Na última terça-feira (30), Donald Trump completou os 100 primeiros dias de presidência dos Estados Unidos. O momento, apesar de curto, é simbólico e expõe para o mundo o direcionamento da nova gestão do republicano, que visa minar o combate à desinformação e a produção científica no país, além de incentivar a vigilância de cidadãos e funcionários federais com uso de sistemas de Inteligência Artificial.
Desde o primeiro dia, Trump já mostrou o posicionamento do seu segundo mandato em relação à pauta do digital. No dia 20 de janeiro, o presidente concedeu perdão a quase 1.600 pessoas envolvidas no ataque ao Capitólio no 6 de janeiro de 2022 e publicou uma ordem executiva que determina a “restauração da liberdade de expressão” no país, criticando o combate à desinformação.
De lá pra cá, o próprio presidente e seus integrantes repercutiram alegações falsas sobre diversos temas para reforçar decisões políticas, o que a imprensa internacional já chama de “institucionalização da desinformação”. Além disso, esse governo também está sendo marcado pela aproximação das Big Techs, com Elon Musk dentro da administração liderando uma cruzada contra os gastos públicos.
“Em menos de 100 dias, essa nova administração causou tantos danos e tanta destruição. É de tirar o fôlego”, avaliou o ex-presidente Joe Biden, no último dia 15, no primeiro discurso após deixar a Casa Branca.

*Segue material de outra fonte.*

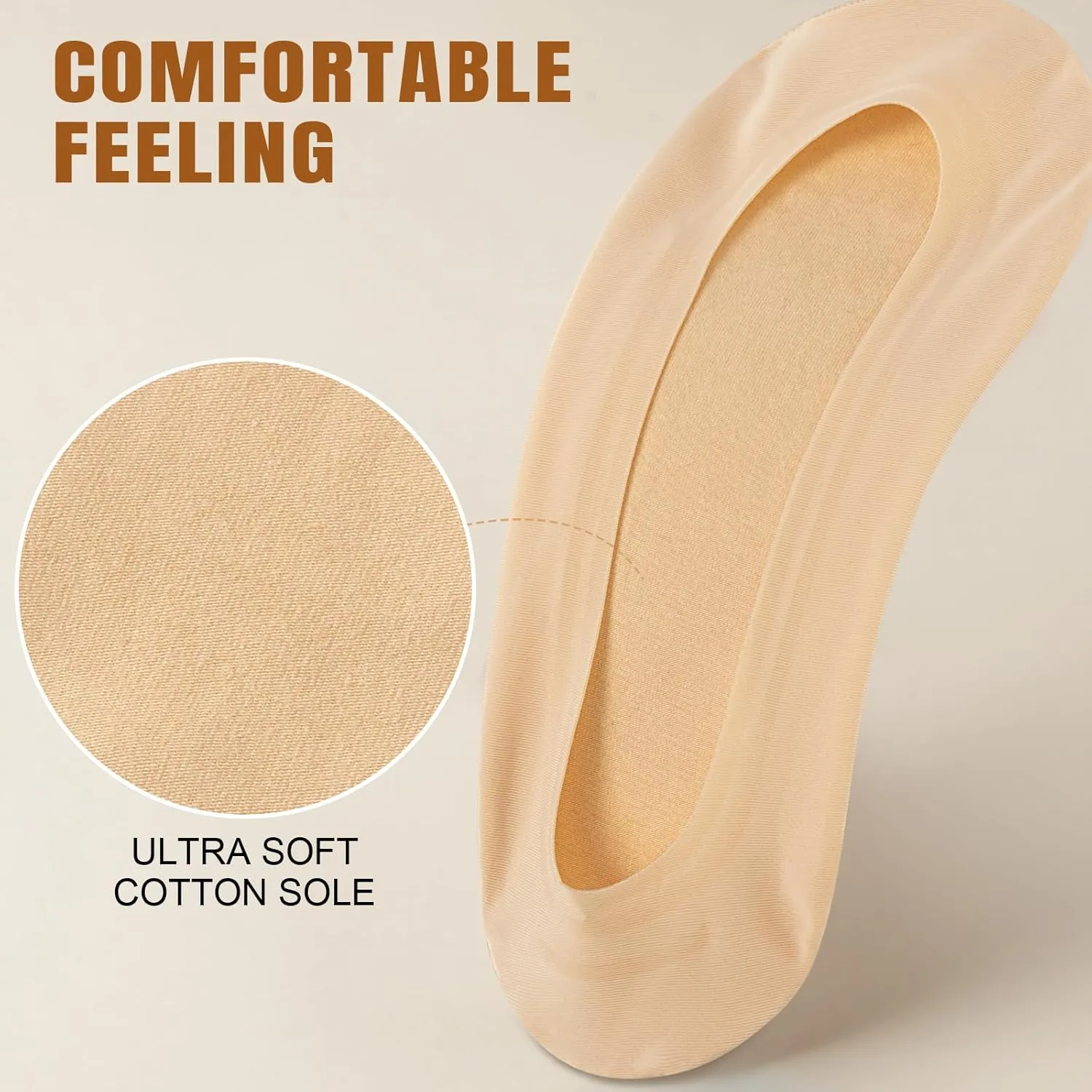 Sofier No Show Socks Womens, Non Slip Ultra Low Cut 6 Pairs Thin Silky Footies Cotton Sole Invisible Socks Flats Loafers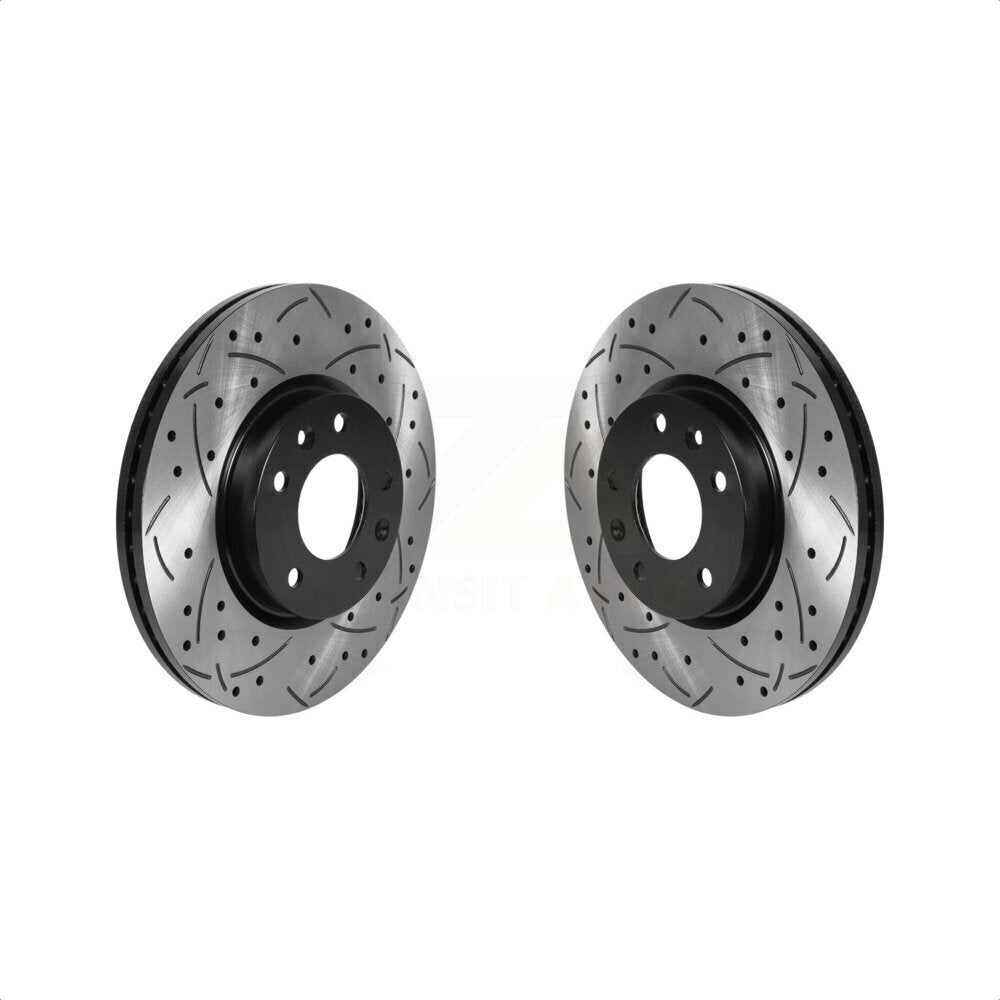 Front Coated Drilled Slotted Disc Brake Rotors Pair For Ford Fusion Mazda 6 Lincoln MKZ Mercury Milan Zephyr KD-100429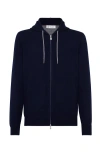 Brunello Cucinelli Techno Cotton Interlock Zip-front Hooded Sweatshirt In Navy Blue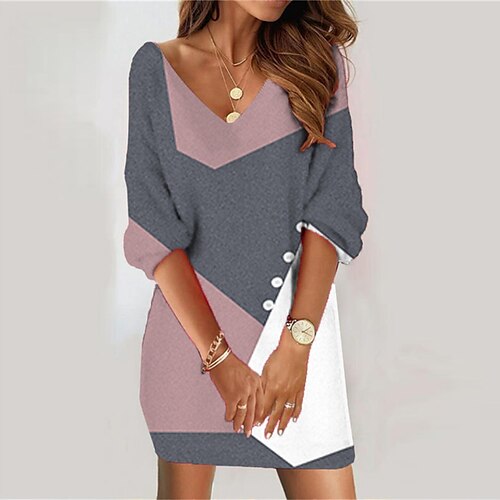 

Women's Sweatshirt Dress Shift Dress Sweat Dress Mini Dress Pink Gray 3/4 Length Sleeve Floral Print Winter Fall Spring V Neck Fashion Daily 2022 S M L XL XXL 3XL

Abaixo, separamos um apanhado do que já aconteceu neste segundo mandato de Donald Trump em relação à pauta do digital:
1) A máquina desinformativa de Trump
2) Um bilionário no Poder
3) Cortes em pesquisas sobre desinformação
4) Corte em agência de integridade eleitoral
5) Uso de Inteligência Artificial para vigilância
6) Tecnologia intensifica expulsão de imigrantes
7) Reações
A máquina desinformativa de Trump
Um relatório do Observatório Europeu de Meios de Comunicação Digitais evidenciou como o novo presidente dos EUA impulsionou a desinformação sobre a guerra da Ucrânia já no primeiro mês de mandato. Segundo o estudo, entre janeiro e fevereiro deste ano, houve um aumento de 4% em artigos sobre o conflito contendo informações falsas.

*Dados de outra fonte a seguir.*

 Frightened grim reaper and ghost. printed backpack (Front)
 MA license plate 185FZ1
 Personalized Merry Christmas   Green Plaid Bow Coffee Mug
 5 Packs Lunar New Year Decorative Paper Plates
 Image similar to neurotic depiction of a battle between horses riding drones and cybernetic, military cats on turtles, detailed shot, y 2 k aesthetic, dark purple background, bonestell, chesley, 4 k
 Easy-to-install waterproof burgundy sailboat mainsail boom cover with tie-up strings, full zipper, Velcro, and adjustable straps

A organização europeia afirmou que o aumento de mentiras sobre a guerra “parece dever-se, em parte, ao fato de o Presidente dos Estados Unidos da América, Donald Trump, ter abraçado algumas narrativas falsas pró-Rússia para descrever a situação na Ucrânia, o seu líder e a responsabilidade pelo conflito”.
O estudo apontou que a retórica adotada por Trump condizia com mensagens falsas promovidas pela propaganda estatal russa, como alegações de que o presidente ucraniano, Volodymyr Zelensky, recusava-se a realizar eleições e tem um índice de aprovação extremamente baixo. Trump também alegou que Zelensky tinha recusado acordos de paz.

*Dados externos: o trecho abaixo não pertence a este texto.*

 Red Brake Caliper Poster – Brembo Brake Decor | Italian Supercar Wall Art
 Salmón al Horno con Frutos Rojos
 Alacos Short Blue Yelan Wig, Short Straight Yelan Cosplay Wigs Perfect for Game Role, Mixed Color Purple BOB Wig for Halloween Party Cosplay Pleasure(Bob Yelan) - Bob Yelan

O republicano não se limitou a comentar e espalhar desinformação sobre a guerra da Ucrânia. No final de fevereiro, o presidente postou na própria rede social, a Truth Social, um vídeo produzido com Inteligência Artificial mostrando o que seria o plano para a região de Gaza após o fim do conflito que a região enfrenta, desde 2023, entre Israel e Palestina.
Uma matéria do The New York Times também mostrou como o presidente e integrantes do governo estão utilizando alegações falsas e infundadas para justificar decisões políticas, como corte de gastos e financiamento a programas de pesquisa científica.
“Desta vez, Trump conta com a companhia de um grupo de funcionários do gabinete e assessores que as amplificaram e até mesmo espalharam as suas próprias. Juntos, eles estão efetivamente institucionalizando a desinformação”, trouxe a reportagem do veículo.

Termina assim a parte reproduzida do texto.